### WHAT IS BEING ASKED
Skip the pictures and repeat each line of the data exactly.
::: SUPPLIED MATERIAL
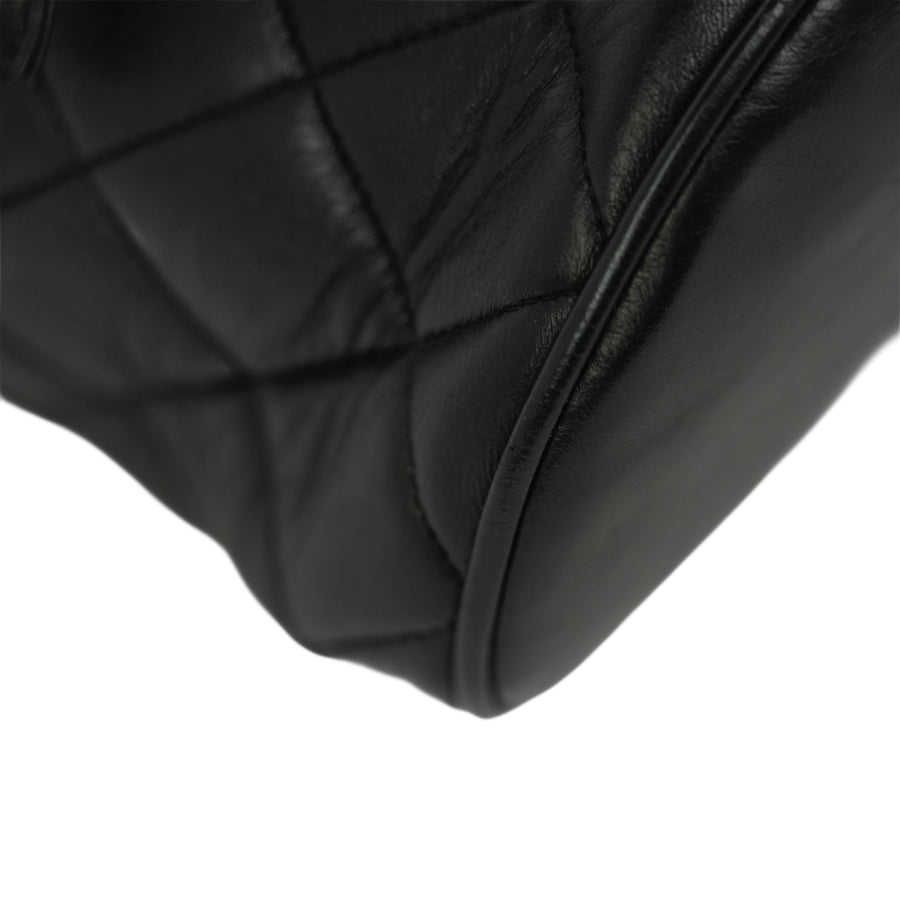 CHANEL 1994-1996 Matelassé Chain Lambskin Backpack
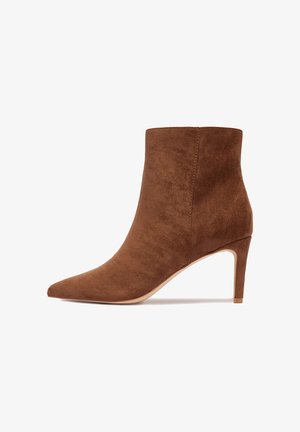 Jenny, Bottines à talons hauts - brown
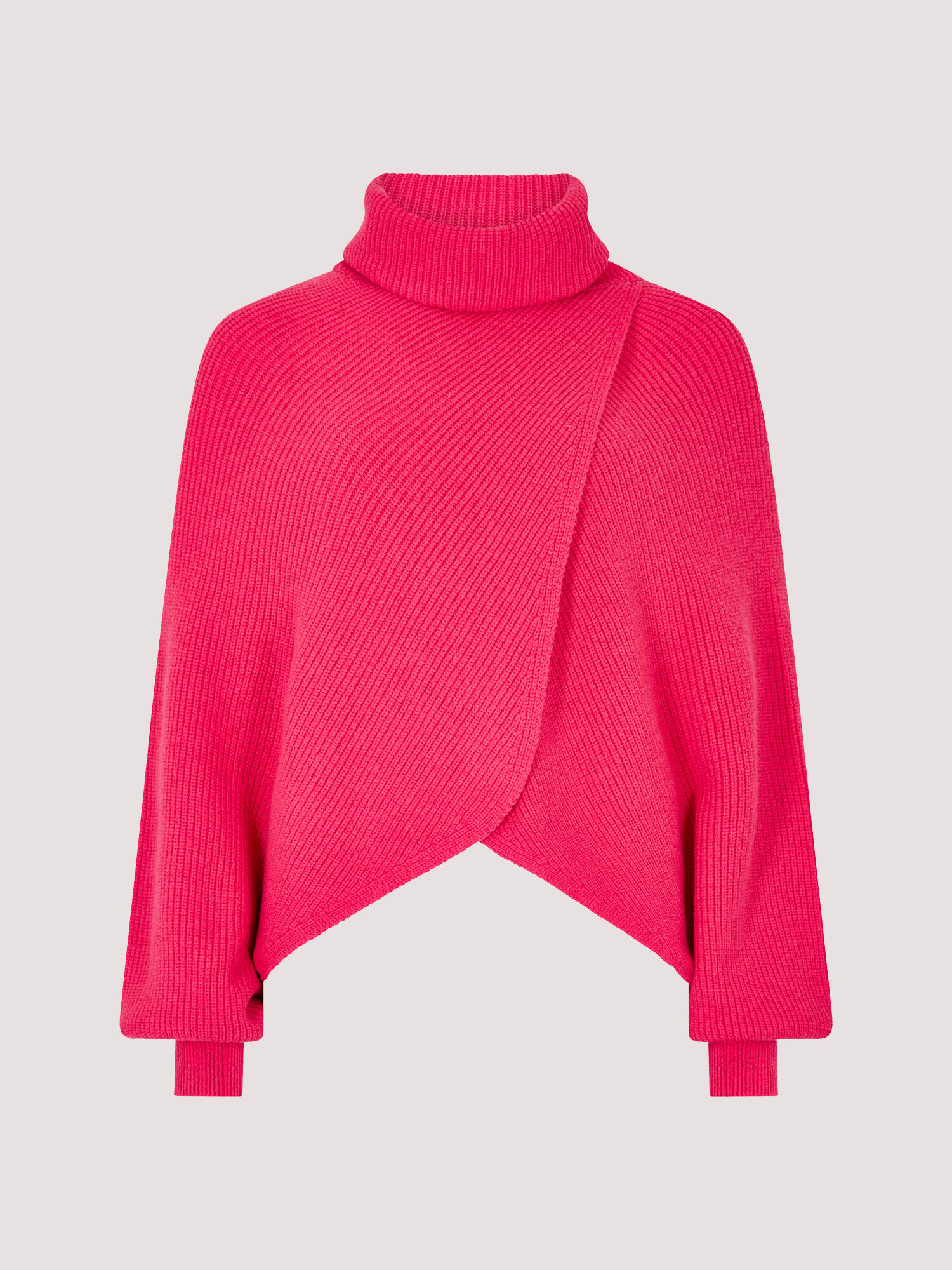 Wrap cowl neck sweater cheap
::::::
### ANSWER BELOW
 CHANEL 1994-1996 Matelassé Chain Lambskin Backpack
 Jenny, Bottines à talons hauts - brown
 Wrap cowl neck sweater cheap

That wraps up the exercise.